Record excerpts
+-------+

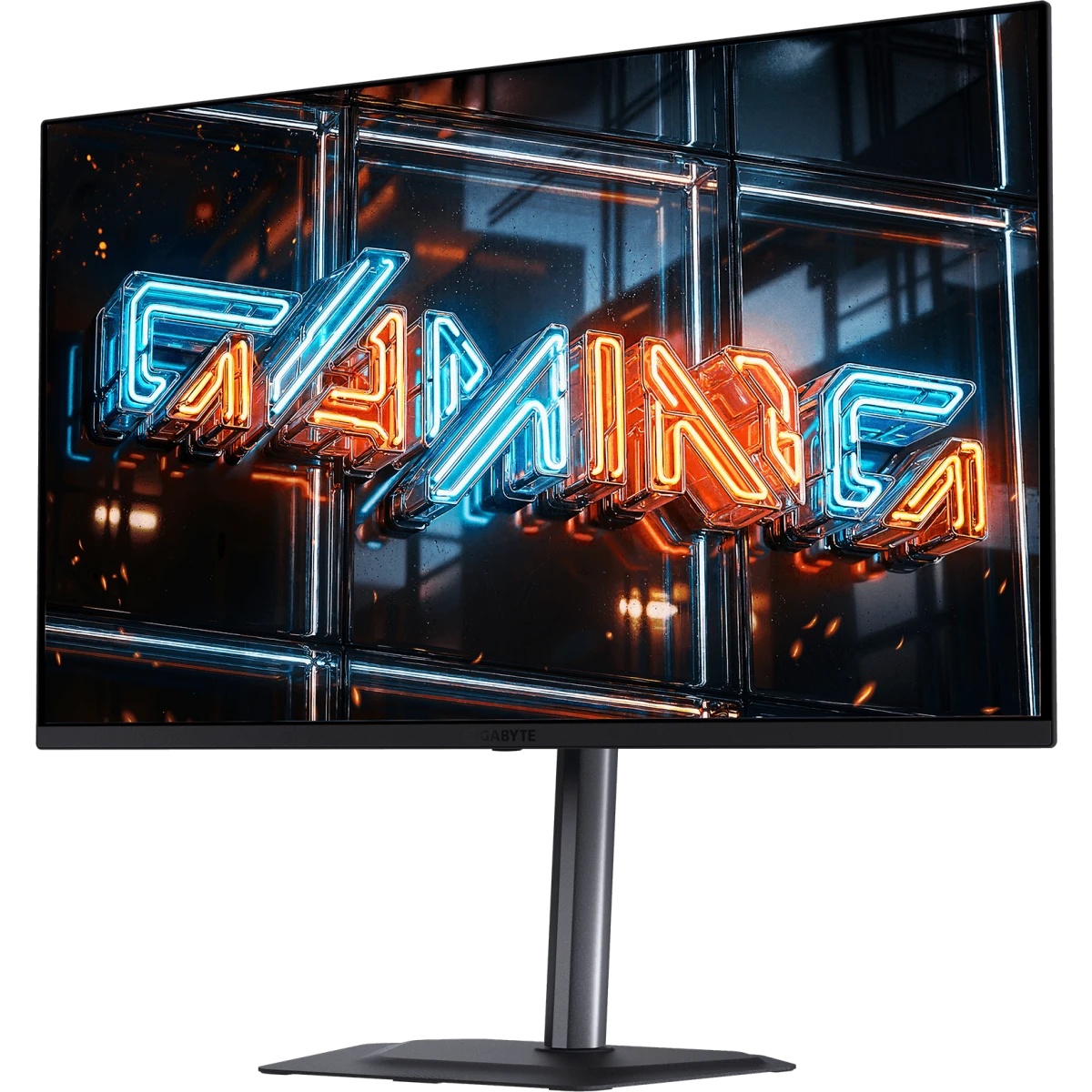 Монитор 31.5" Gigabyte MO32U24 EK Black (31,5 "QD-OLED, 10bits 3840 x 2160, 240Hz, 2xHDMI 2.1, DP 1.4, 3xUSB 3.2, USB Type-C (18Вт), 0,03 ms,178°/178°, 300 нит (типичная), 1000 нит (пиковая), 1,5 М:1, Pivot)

+-------+

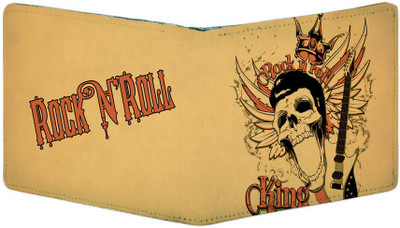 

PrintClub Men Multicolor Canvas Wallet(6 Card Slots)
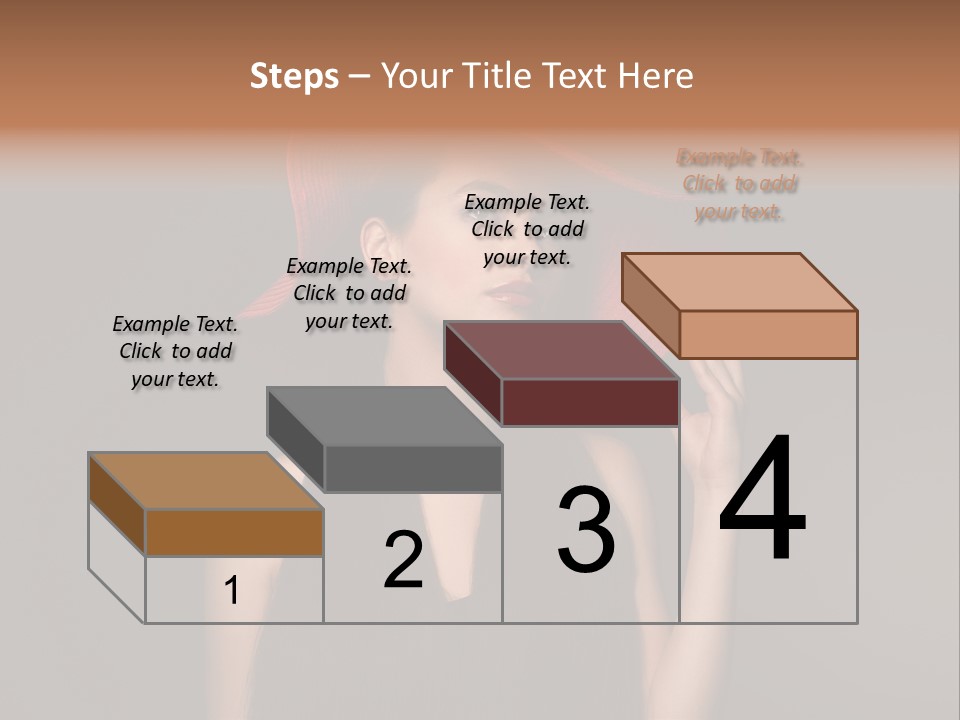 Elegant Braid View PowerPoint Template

+-------+

What the exercise asks
Only the lines between the one with "PrintClub Men Multicolor" and the one with "Elegant Braid View PowerPoint Template", those two included, get copied from the material above. Keep it exact and free of pictures.

Your solution
PrintClub Men Multicolor Canvas Wallet(6 Card Slots)
 Elegant Braid View PowerPoint Template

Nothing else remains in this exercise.